Press Control (© Everythingpossible / Fotolia.com)
Press Control (© Everythingpossible / Fotolia.com)

If you run a business or you are yourself a public figure, then you are going to find yourself in the spotlight. You will be covered by the media and the press and you will find that sometimes this coverage won’t go precisely the way you want it to.This can of course be harmful to your business: whether you’re not getting the amount of coverage and exposure that you need, or whether that exposure is negative in tone. The old adage ‘all publicity is good publicity’ actually does not hold up under scrutiny. So, the question is: what can you do to affect this? How can you control the press?

Rule Number One: There is No Controlling the Press

The first rule to understand – as many a fallen celebrity has discovered – is that there is no controlling the press. In fact, attempts to manipulate the press will often backfire. This can be met with resentment by journalists and reporters, which can create a backlash. Otherwise, it can come across as the company, brand or individual being disingenuous, manipulative or out of touch.

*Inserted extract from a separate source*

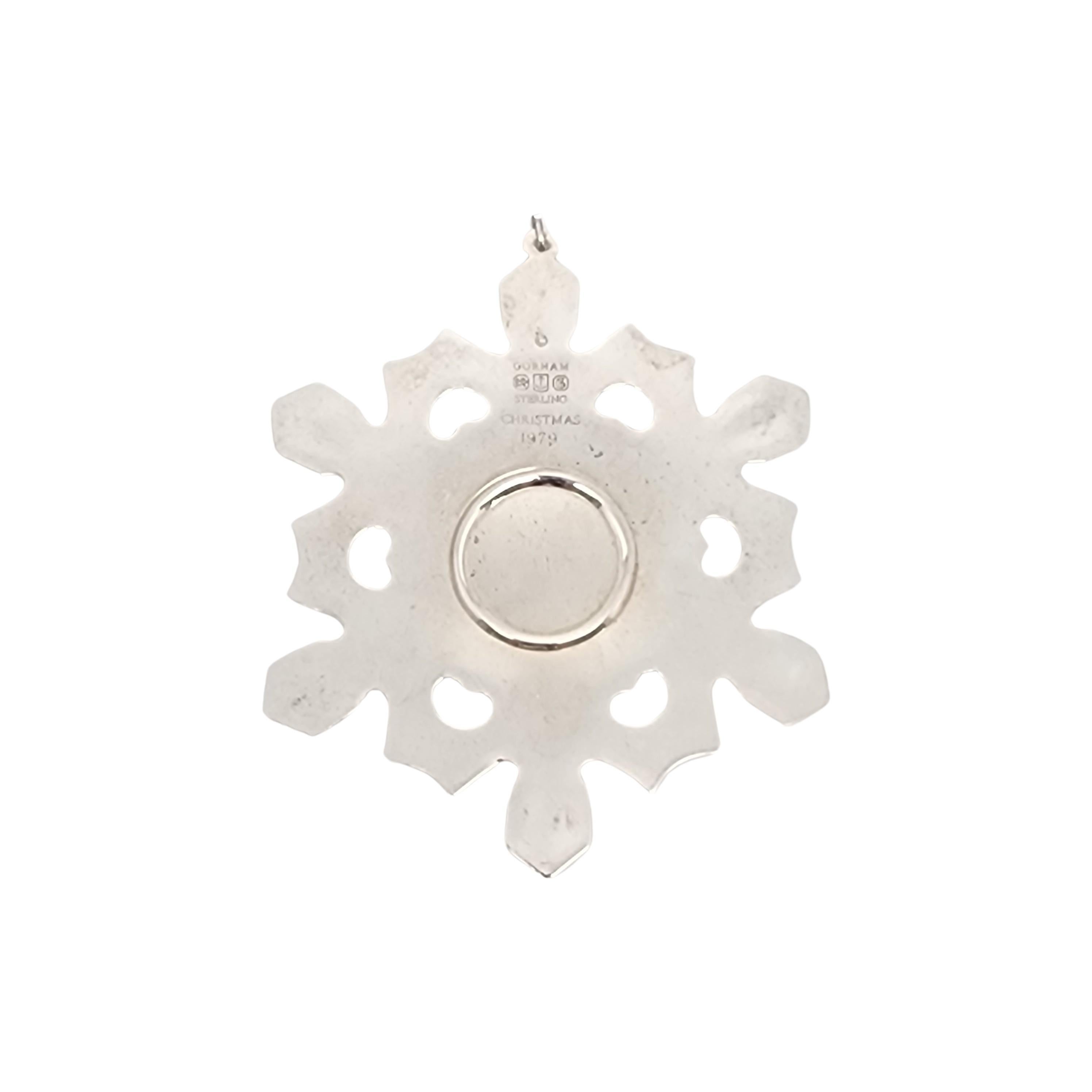 Gorham sterling silver snowflake ornament from 1979.

Since 1970, Gorham has been celebrating the season with a yearly version of the classic snowflake form, creating a beautiful tradition of sparkling art.

Measures approx 3 1/2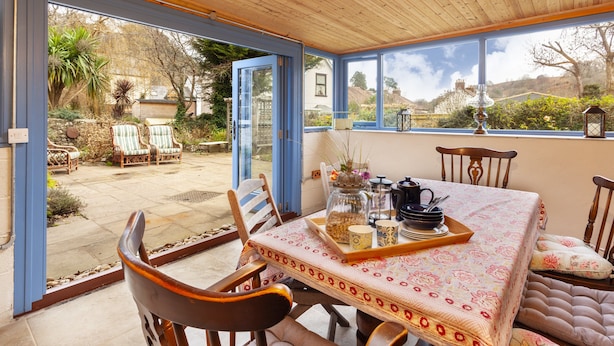 Un coin repas avec une table dressée pour deux personnes, des chaises et une vue sur le jardin grâce à de grandes fenêtres.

When the message you are putting out does not gel with the way you are perceived, this is always damaging. That is why the better response to bad PR is often to simply own it. You can make it into a joke, you can accept it as a limitation of your company. You can strive to do better.

OpenPr-Tip: Do not try to brush things under the rug, or try to present a contrasting image. It will be rejected.

That Said…

With that said, there are also other ways you can gradually get the press ‘on your side’. Granting interviews and providing quotes and exclusives is a good way to get better press coverage for instance. If you are providing genuinely big news, then smart news outlets won’t want to burn their bridges and miss getting exclusives. Create a newsroom or blog and use this to put forward your side of the story. And consider hiring a PR specialist who can help you to predict how certain actions may be perceived.